There was a video of a hobbyist who was using a skimmer in their aquarium. They were pointing the filter return down into the aquarium to keep the surface flow minimized for the surface skimmer. Now if they had a sump filter with a trickle filter they were fine, they had a good aeration point in their system.
If they had a submersed static media bed such as a canister filter they were in for a disaster. They had no place where they were doing aeration. Never combine a “calm water” skimmer with a canister filter or a submerged static media sump filter. An aquarium needs aeration if it has any significant number of fish in it.

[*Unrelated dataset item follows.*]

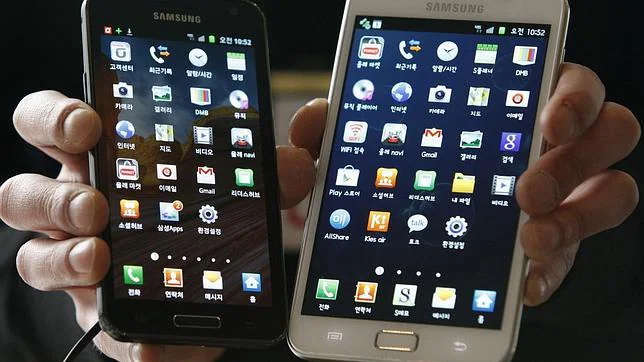 Nuevo Samsung Galaxy S3, el señor de las bestias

Spray bars can be effective if the pump that creates the “spray” is powerful enough to create a true high-velocity jet of water. That water is aimed tangentially at the surface of the water one inch or so above the waterline of the aquarium. Unfortunately, many canister pumps don’t have a high enough pressure and the spray bar becomes a “dribble” bar. “Dribble” bars don’t aerate well.
Also, note that the pumps for most commercial aquarium filters are not high-pressure pumps. A spray bar resists flow. It creates a “head”. So the low-pressure pumps have real problems if coupled with spray bars. This head will significantly reduce the flow through all the standard filter setups that use spray bars. Most spray bars are also very noisy if they are placed above the water line of the aquarium.
If one finds a pump powerful enough to overcome the head of the spray bar, we recommend putting the spray bar below the waterline. Place the spray bar aimed up at 30 degrees or so to create a large area of “choppy waves” and good aeration.